As he made his political rounds Tuesday, Joe Biden appeared moved (fighting back tears as he spoke to his home-state Delaware delegation) and awed ("This is the first time I've ever had security -- senators don't matter") by his newly elevated status.
Biden also took pains to wax ecstatic over Michelle Obama, saying as he shared a stage with her at a mid-morning women's economic event, "I heard last night the most remarkable speech I've heard in my life." Earlier he gushed to the Delawareans (a word that we will be seeing a lot more of), "When this convention is over -- and three and four years from now in the comments of why the Democrats won -- it will come back to the single most amazing event at the Democratic convention. It was Michelle Obama, not Barack Obama, not Bill Clinton, not Ted Kennedy."
Biden -- never a politician likely to be lost in the drapes -- may have been selling himself short. For all of Barack Obama's eloquence, for all of the quiet confidence of Michelle Obama, it may well be Biden's own star turn on Wednesday night that provides the mile-high lift to the Democratic prospects in November. Monday night was designed to portray the Obamas as the Brady Bunch and Tuesday night is slated to be dominated by Hillary and the Holdouts (sounds like a decent name for a country-and-western group). In contrast, Biden is the only big-name speaker whose primary mission is to pin the tail on John McCain.
As my colleague Mike Madden reported , Hillary Clinton will devote part of her prime-time moment to portraying McCain in ways designed to lure back wavering blue-collar Democrats. And Mark Warner, as Tuesday's keynote speaker, will certainly take some potshots at the Republicans. But the networks, admittedly egged on by the real-life frictions between the Obama and Clinton camps, have a single story line for tonight -- the elusive quest for Democratic Party unity. And in that Obama-vs.-the-Clintons narrative, John McCain is almost as irrelevant as Bob Dole.

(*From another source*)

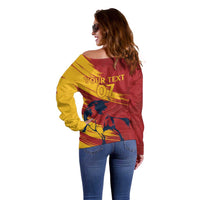 Spain La Furia Roja Custom Off Shoulder Sweater 2024 Tetracampeon Espana - Wonder Print Shop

All signs, including guidance from the Obama and Biden camps, suggest that the six-term Delaware senator will not back away from combat in the erroneous zone, portraying McCain as a good man who has fallen into bad company with conservative Republicans. At the women's economic forum, Biden brought the Supreme Court -- an issue that has gone AWOL in the campaign -- back into the Democratic political arsenal. As Biden put it, "Ladies and gentlemen, other than ending the war in Iraq, the single most significant thing that Barack Obama will do ... will be to determine who the next members of the Supreme Court will be ... So, folks, remember when you go out there, it is not only a woman's right to choose that is at stake. It is [also] whether or not you will have a fair shot at a fair wage, it is whether or not you are treated equally in every aspect of your life. It is literally, literally at stake."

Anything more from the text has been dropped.